23301/33301 Balkan Folklore

(SOSL 26800/36800,NEHC 20568,NEHC 30568,ANTH 25908,ANTH 35908)

Immerse yourself in the magic world of vampires and dragons, bagpipes and uneven beats, quick-step circle dance. This course give an introduction to Balkan folklore from anthropological, historical/political, and performative perspectives. We become acquainted with folk tales, lyric and epic songs, music, and dance. The work of Milman Parry and Albert Lord, who developed their theory of oral composition through work among epic singers in the Balkans, helps us understand folk tradition as a dynamic process – how is oral tradition transmitted, preserved, changed, forgotten? how do illiterate singers learn their long narrative poems, how do musicians learn to play? We consider the function of different folklore genres in the imagining and maintenance of community and the socialization of the individual. The historical/political part will survey the emergence of folklore studies as a discipline as well as the ways it has served in the formation and propagation of the nation in the Balkans. The class will also experience this living tradition first hand through our in-class workshop with the Chicago based dance ensemble “Balkanski igri.” The Annual Balkan Folklore Spring Festival will be held in March at the International House.

2014-2015 Winter

23401/33401 The Burden of History: The Nation and Its Lost Paradise

(SOSL 27300 / 37300,NEHC 20573,NEHC 30573,HIST 24005,HIST 34005)

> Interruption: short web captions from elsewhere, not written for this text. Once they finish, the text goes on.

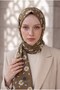 Crepe Daisy Patterned Mink Color 75X195 Non-Fading Shawl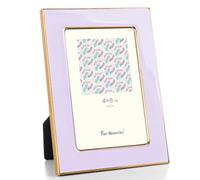 Fun Memories 4x6 Picture Frame - 1pcs Purple Enamel Glass Photo Frame with Gold Metal Edge & Easel for Display Picture Frame on Countertops, Tabletops, Bookshelves, Desks, Walls (Purple/Gold)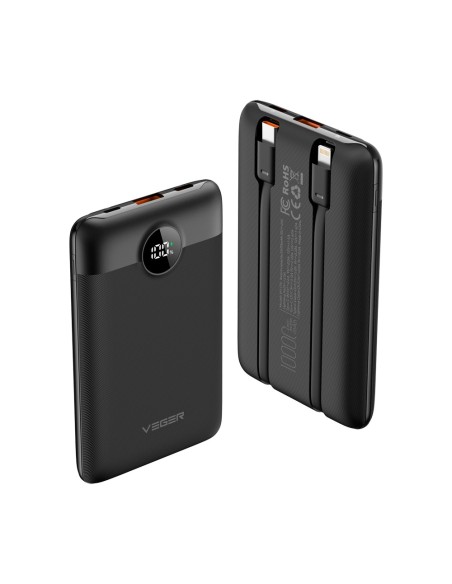 Banco de Veger VG-W1170 Banco de Veger com tela LCD - 10000mAh Capacidade - Relâmpago, Bilhetes USB-C, USB-C-Cabo - USB-A Decott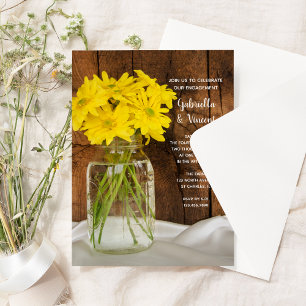 Mason Jar and Daisies Country Engagement Party Invitation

The Other Within the Self: Identity in Balkan Literature and Film. This two-course sequence examines discursive practices in a number of literary and cinematic works from the South East corner of Europe through which identities in the region become defined by two distinct others: the “barbaric, demonic” Ottoman and the “civilized” Western European.This course begins by defining the nation both historically and conceptually, with attention to Romantic nationalism and its flourishing in Southeastern Europe. We then look at the narrative of original wholeness, loss, and redemption through which Balkan countries retell their Ottoman past. With the help of Freud's analysis of masochistic desire and Žižek's theory of the subject as constituted by trauma, we contemplate the national fixation on the trauma of loss and the dynamic between victimhood and sublimity. The figure of the Janissary highlights the significance of the other in the definition of the self. Some possible texts are Petar Njegoš's Mountain Wreath; Ismail Kadare's The Castle; and Anton Donchev's Time of Parting.

2014-2015 Winter

27701/37701 Imaginary Worlds: Fantastic & Magic Realism in Russia & Southeastern Europe

(SOSL 27700 / 37700,RUSS 27300,RUSS 37300)

In this course, we will ask what constitutes the fantastic and magic realism as literary genres while reading some of the most interesting writings to have come out of Russia and Southeastern Europe. While considering the stylistic and narrative specificities of this narrative mode, we also think about its political functions —from subversive to escapist, to supportive of a nationalist imaginary—in different contexts and at different historic moments in the two regions.